No documento, subscrito por ministros da Cultura e dos Negócios Estrangeiros, os signatários afirmam que a presença da Federação Russa seria "inaceitável nas atuais circunstâncias". A carta não se limita a um gesto simbólico: inclui um alerta direto sobre o risco de instrumentalização da plataforma cultural para projetar uma imagem de legitimidade internacional, num contexto em que a Rússia “continua a conduzir sua brutal guerra de agressão contra a Ucrânia”.
As cifras citadas pelos ministros são duras e traduzem uma devastação que ultrapassa a geografia física:, segundo autoridades ucranianas, pelo menos 342 artistas foram mortos e centenas de bens culturais sofreram danos — 1.685 sítios do patrimônio e 2.483 infraestruturas culturais atacadas ou destruídas. "Esses números representam não apenas perdas materiais, mas o silenciamento de vozes e a apagamento de memórias culturais", escreve a carta.
O texto reafirma também valores que a Biennale simboliza há mais de um século — a liberdade artística e de expressão —, mas lembra que cultura e política não transitam em espaços estanques. "As instituições culturais não têm só um significado artístico, têm também uma responsabilidade moral", diz o documento, ecoando a decisão de 2022 do artista de origem russa Kirill Savchenkov, que se retirou do pavilhão russo junto com Alexandra Sukhareva e o curador lituano Raimundas Malašauskas: "Não há lugar para a arte quando civis morrem sob o fogo de mísseis..."
Em Bruxelas, a reação foi rápida: representantes europeus avisaram que poderiam condicionar ou até mesmo cortar financiamentos destinados à Biennale caso a participação russa se confirme.
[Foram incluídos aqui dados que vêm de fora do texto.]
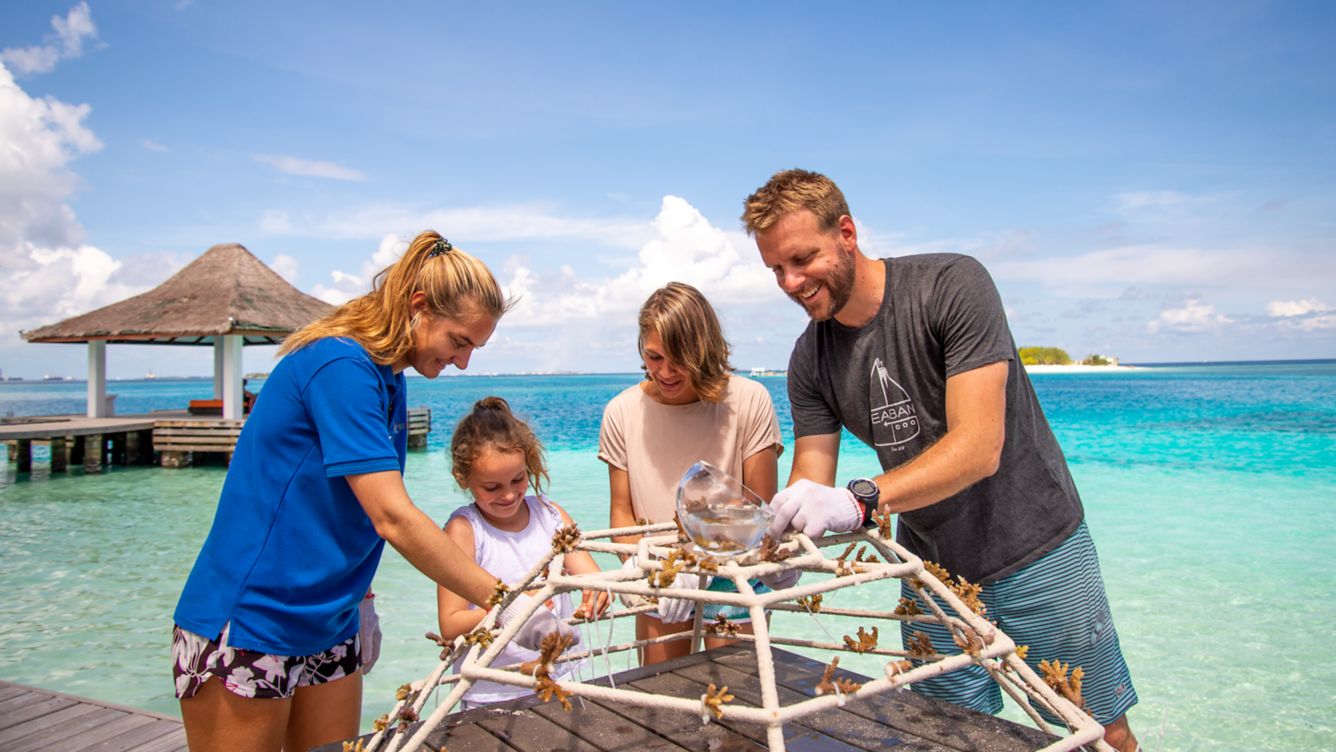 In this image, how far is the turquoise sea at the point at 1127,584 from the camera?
513 cm

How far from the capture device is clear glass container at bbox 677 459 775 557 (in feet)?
3.74

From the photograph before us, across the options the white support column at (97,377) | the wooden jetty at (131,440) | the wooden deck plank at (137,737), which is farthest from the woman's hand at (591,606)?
the white support column at (97,377)

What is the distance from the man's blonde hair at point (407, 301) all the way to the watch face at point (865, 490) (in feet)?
3.00

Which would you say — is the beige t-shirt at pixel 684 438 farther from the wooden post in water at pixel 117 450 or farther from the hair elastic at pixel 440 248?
the wooden post in water at pixel 117 450

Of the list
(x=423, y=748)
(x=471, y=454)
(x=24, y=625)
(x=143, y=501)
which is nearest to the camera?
(x=423, y=748)

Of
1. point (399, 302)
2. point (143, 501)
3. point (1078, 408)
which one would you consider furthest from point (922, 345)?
point (1078, 408)

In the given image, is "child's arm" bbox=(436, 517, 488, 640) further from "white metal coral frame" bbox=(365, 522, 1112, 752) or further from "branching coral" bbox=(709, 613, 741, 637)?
"white metal coral frame" bbox=(365, 522, 1112, 752)

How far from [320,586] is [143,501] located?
1293cm

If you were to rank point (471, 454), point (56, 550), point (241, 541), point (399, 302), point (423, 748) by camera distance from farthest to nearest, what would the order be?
point (56, 550) < point (471, 454) < point (399, 302) < point (241, 541) < point (423, 748)

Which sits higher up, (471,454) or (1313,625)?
(471,454)

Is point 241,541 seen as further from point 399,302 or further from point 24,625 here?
point 24,625

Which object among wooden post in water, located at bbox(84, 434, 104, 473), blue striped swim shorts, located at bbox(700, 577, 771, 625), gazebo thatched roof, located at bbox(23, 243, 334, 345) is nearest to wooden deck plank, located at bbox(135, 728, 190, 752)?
blue striped swim shorts, located at bbox(700, 577, 771, 625)

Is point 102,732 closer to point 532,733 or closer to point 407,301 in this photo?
point 407,301

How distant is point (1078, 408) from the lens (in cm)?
3750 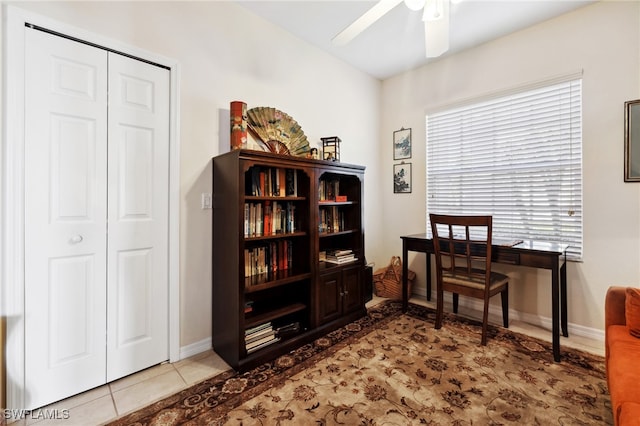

A ameaça de corte de fundos coloca a instituição veneziana diante de um dilema que é tanto administrativo quanto simbólico — lidar com pressões políticas externas sem perder a independência que legitima seu papel no cenário internacional.
Além disso, a carta aponta suspeitas sobre a natureza política de um projeto associado ao pavilhão e seus possíveis vínculos com figuras ligadas à elite política russa, o que reforça temores de que a mostra sirva como ferramenta de diplomacia cultural estatal.
Há, portanto, uma tensão entre o princípio universal da liberdade artística e o contexto geopolítico que contamina essa mesma liberdade. Como observadora cultural, não posso deixar de ver nesta disputa o roteiro oculto da sociedade: as instituições culturais atuam como espelhos, e diante desse espelho somos forçados a perguntar não só o que a arte deve ou pode mostrar, mas quem tem o direito de representá-la em tempos de guerra.
O desfecho desse embate depende agora das decisões da direção da Biennale e do Conselho — e também da reação das capitais europeias e das instituições que financiam o festival. É um momento em que a arte, mais do que um espetáculo, revela-se um campo de batalha simbólico onde se disputa memória, legitimidade e, em última instância, o futuro da convivência democrática.